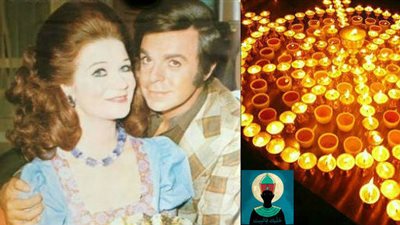 الطالع الفلكي الأحد 1/11/2020..مَفْهُوم الأنْوَار!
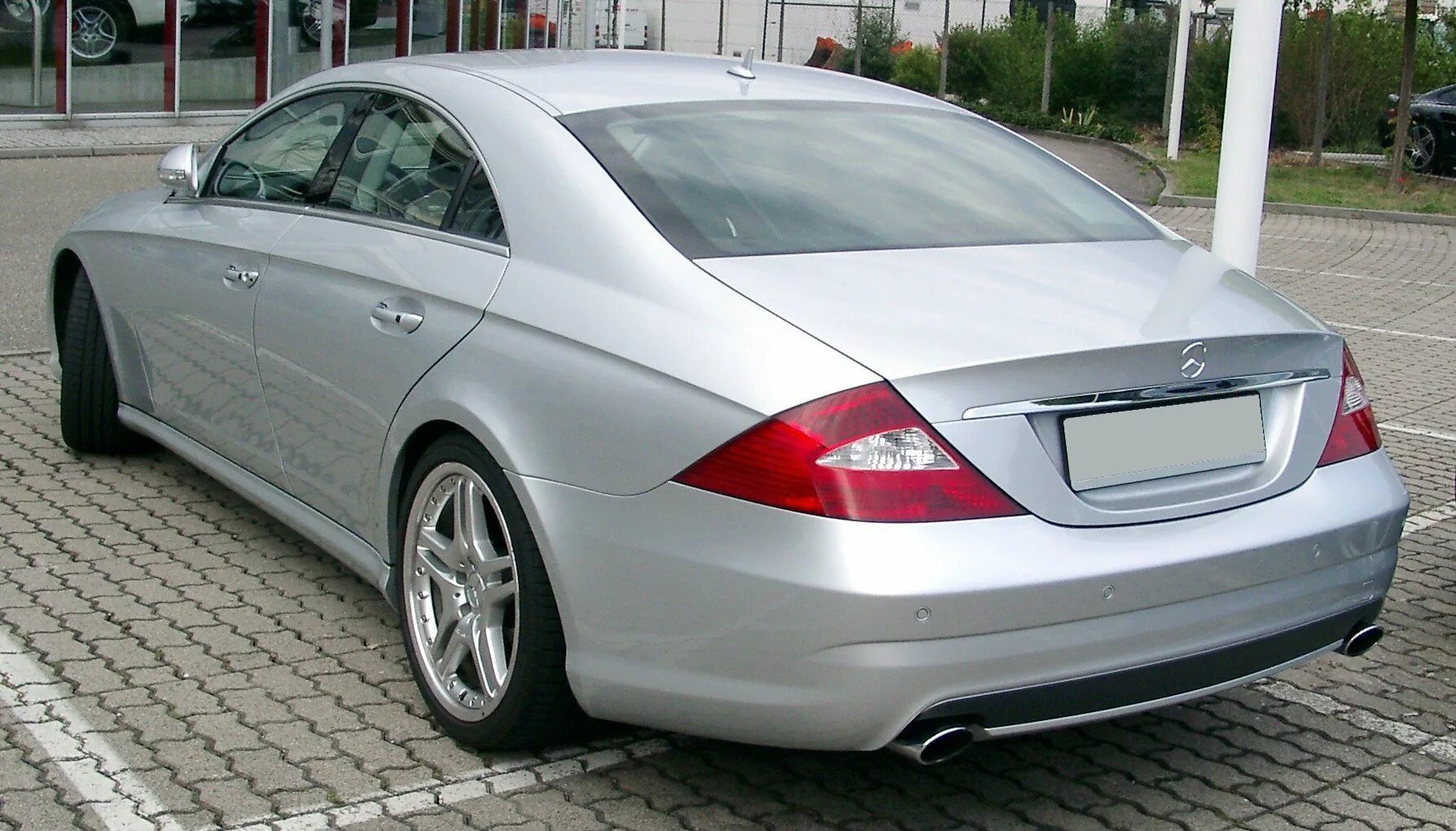 Mercedes cls c219. Mercedes benz cls 219. mercedes-benz cls c219 2005. mercedes benz w219.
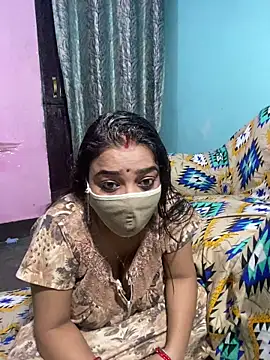 Sexi rimi bhabhi online show from October 2025 05:57:02 PM
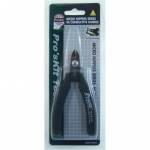 Electronics Tools & Kits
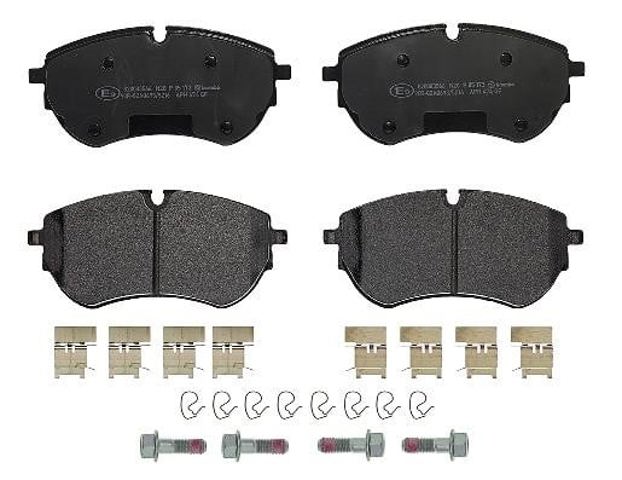 P85173 Brembo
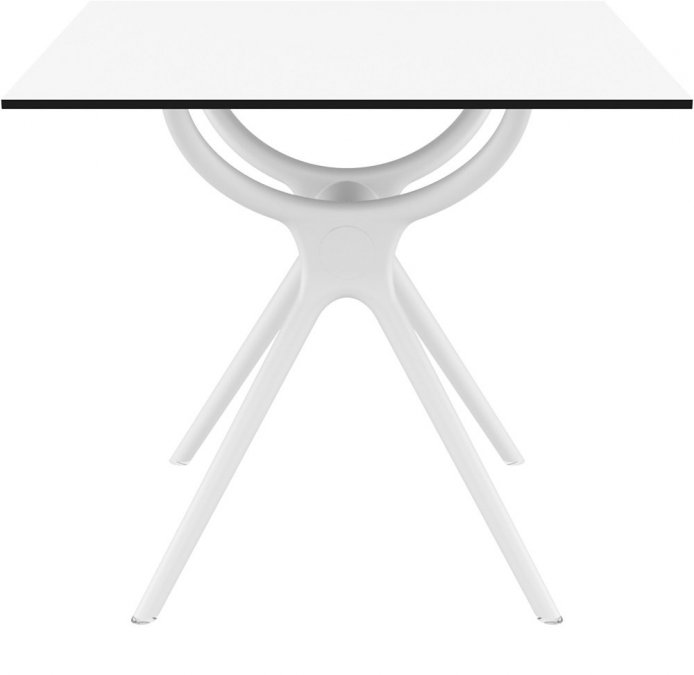 Столешница квадратная Air Table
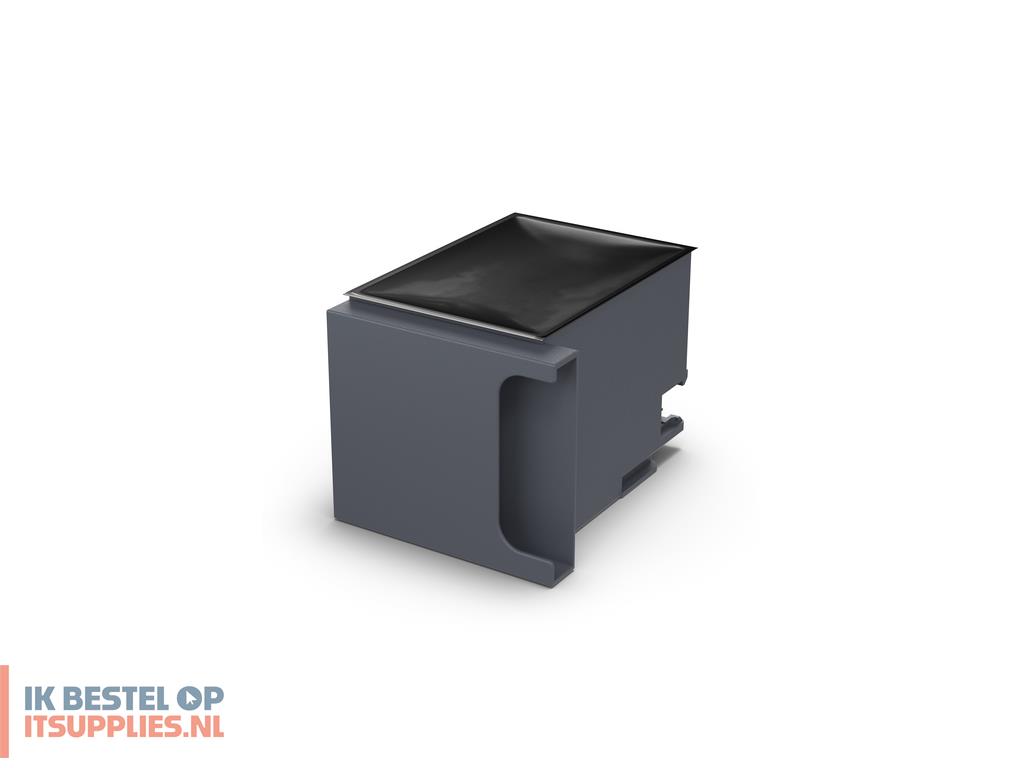 5307425-epson_c13t671400_reserveonderdeel_voor_printerscanner_afvaltonercontainer_1_stuks
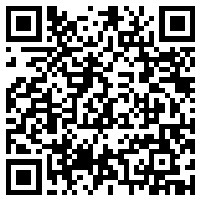 QR Code for bitcoin:bitcoin:bitcoin:bitcoin:bitcoin:bitcoin:LUiC9BNswzjoMsZpuKTQfDKB7NYFPLBQU7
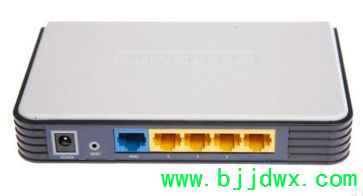 �绰��·������ô��װ(�����ǵ绰�߽ӵĿ�����ô��װ·����)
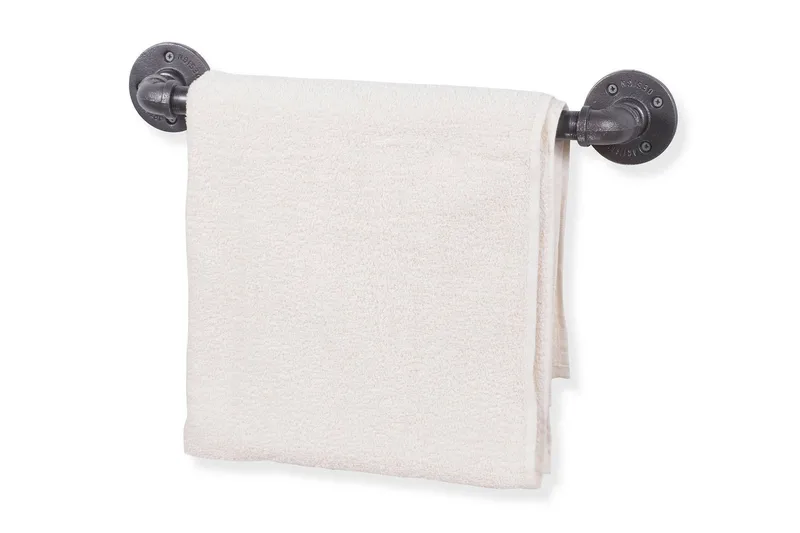 Evila Naulakko Putki, undefined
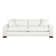 Claremont 95" Sofa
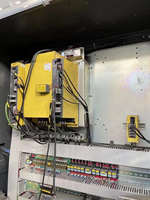 Bonne qualité NEWAY NL635SC 1500mm CNC Tour Machine automatique Machine de tournage des métaux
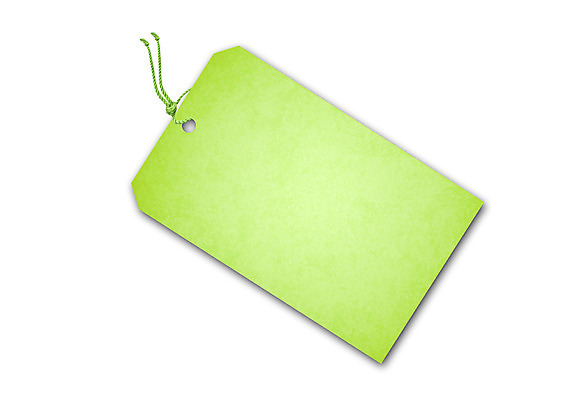 포토 JPG 해외이미지 디자인 외관 벽 백그라운드 패턴 건축양식 벽지 표면 사람없음 야외 건물 장식 노란색 페인트 공백 수확 거친 플랫 묘사 질감 복고 시멘트 고체 옛날 콘크리트 해외202004 해외포토 건축물 건축 컬러 무늬 농업 파일형식 이미지허브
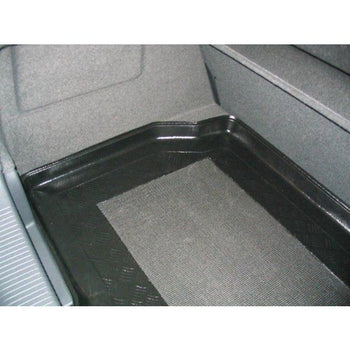 Tavita portbagaj Opel Astra H GTC caroserie hatchback  fabricatie 2005.05 - prezent 2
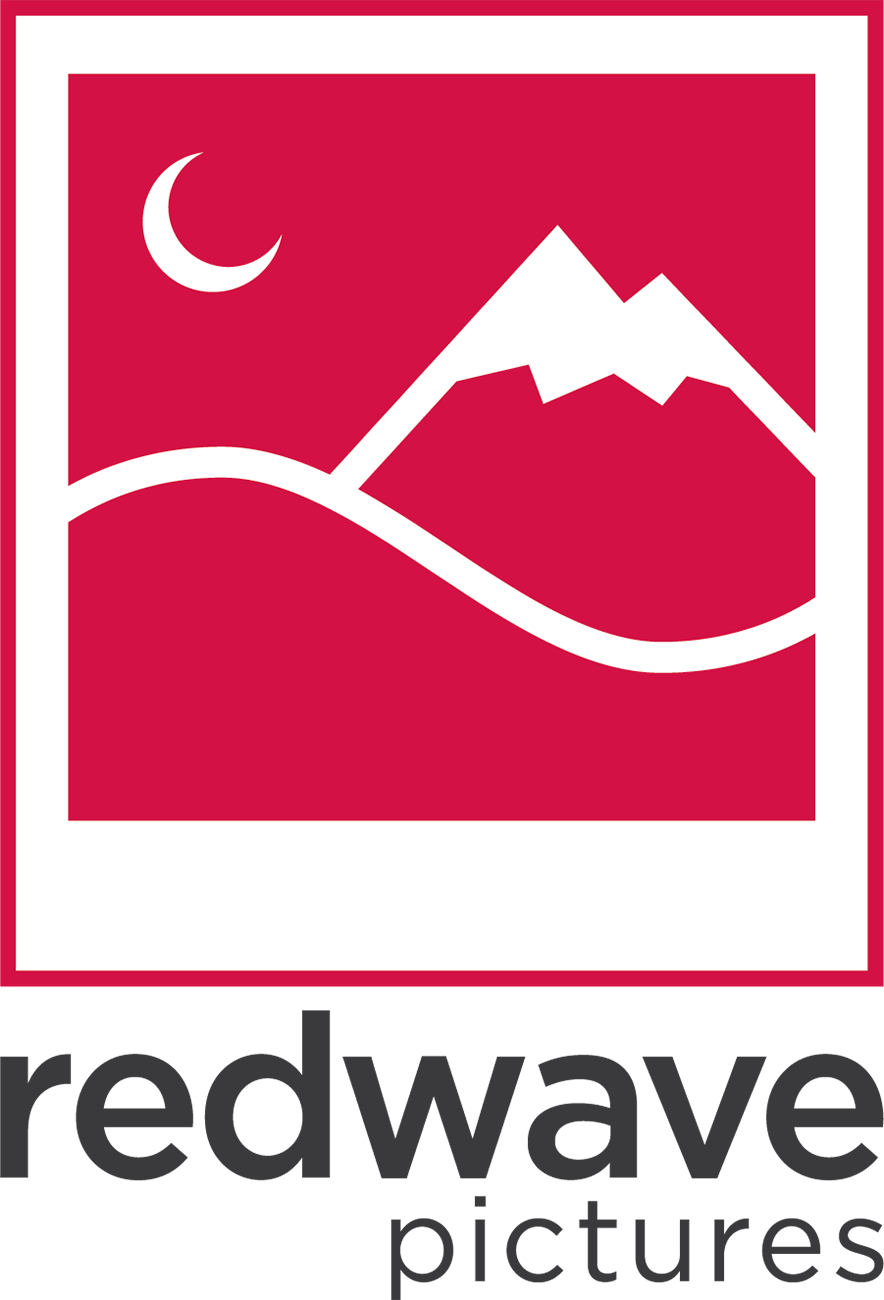 Red Wave Logo - Red Wave Pictures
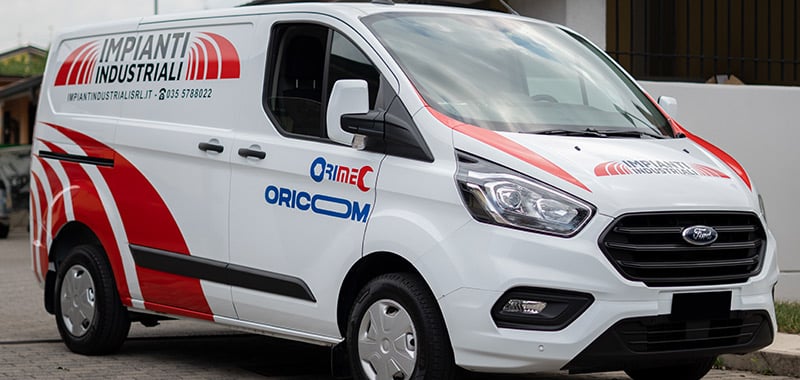 wrapping-automezzi-e-veicoli-aziendali-milano-bergamo wrapping-automezzi-e-veicoli-aziendali-milano-bergamo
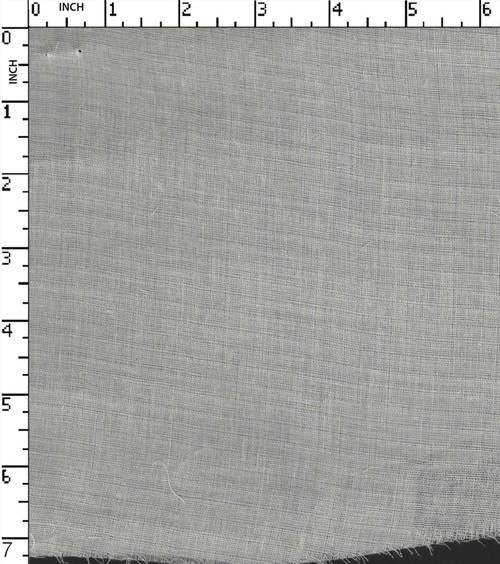 100% Cotton Greige Dobby Shirting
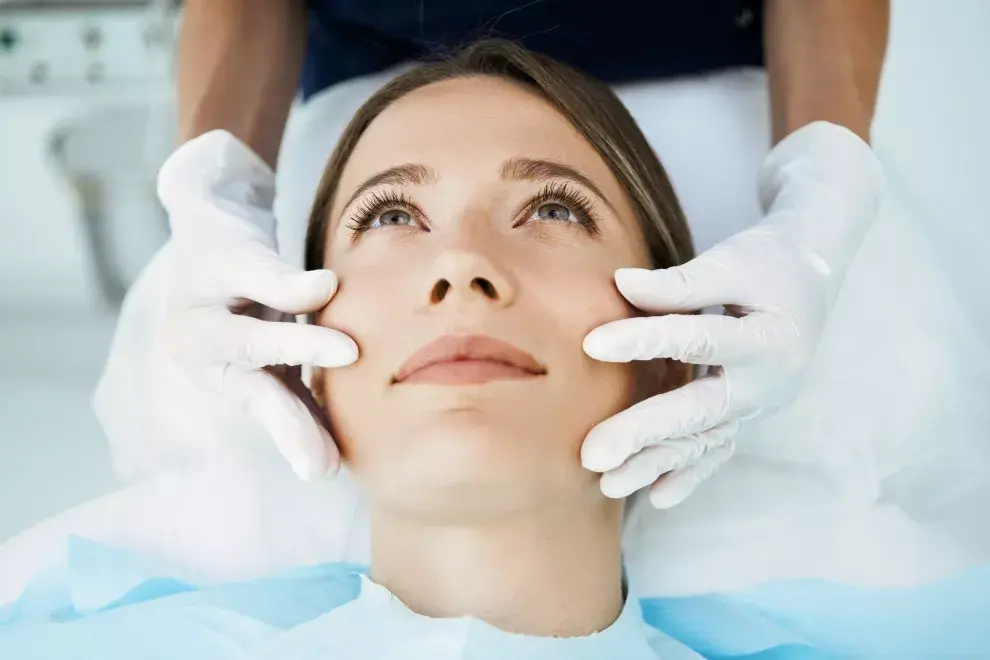 Los grandes beneficios del lifting facial japonés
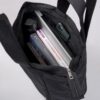 HAYN- GIMHAE NUNA-A BAG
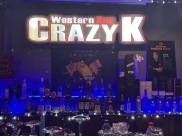 크레이지케이(의정부)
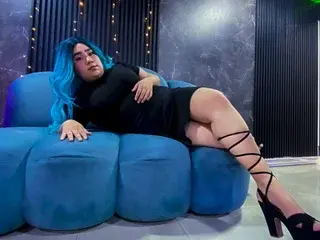 Streamate Adult Webcams of Rachel_sweet_69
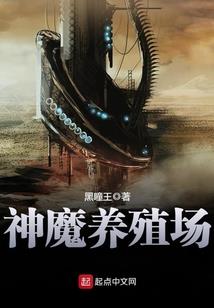 盗墓家前片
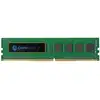 Image de Module de mémoire CoreParts MMG3878/32GB 1 x 32 Go DDR4 MMG3878/32GB
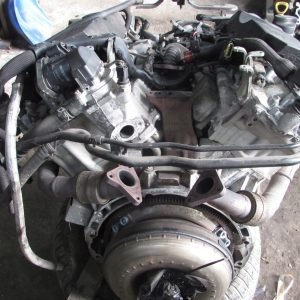 Auto Scrapyard Near Me in Maseru – Large Selection of Quality Auto Parts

:::

Reproduce exactly and only the lines from the one with "Bonne qualité NEWAY" through the final line of the records above, inclusive. Pictures must be left out.

 Bonne qualité NEWAY NL635SC 1500mm CNC Tour Machine automatique Machine de tournage des métaux
 포토 JPG 해외이미지 디자인 외관 벽 백그라운드 패턴 건축양식 벽지 표면 사람없음 야외 건물 장식 노란색 페인트 공백 수확 거친 플랫 묘사 질감 복고 시멘트 고체 옛날 콘크리트 해외202004 해외포토 건축물 건축 컬러 무늬 농업 파일형식 이미지허브
 Tavita portbagaj Opel Astra H GTC caroserie hatchback  fabricatie 2005.05 - prezent 2
 Red Wave Logo - Red Wave Pictures
 wrapping-automezzi-e-veicoli-aziendali-milano-bergamo wrapping-automezzi-e-veicoli-aziendali-milano-bergamo
 100% Cotton Greige Dobby Shirting
 Los grandes beneficios del lifting facial japonés
 HAYN- GIMHAE NUNA-A BAG
 크레이지케이(의정부)
 Streamate Adult Webcams of Rachel_sweet_69
 盗墓家前片
 Image de Module de mémoire CoreParts MMG3878/32GB 1 x 32 Go DDR4 MMG3878/32GB
 Auto Scrapyard Near Me in Maseru – Large Selection of Quality Auto Parts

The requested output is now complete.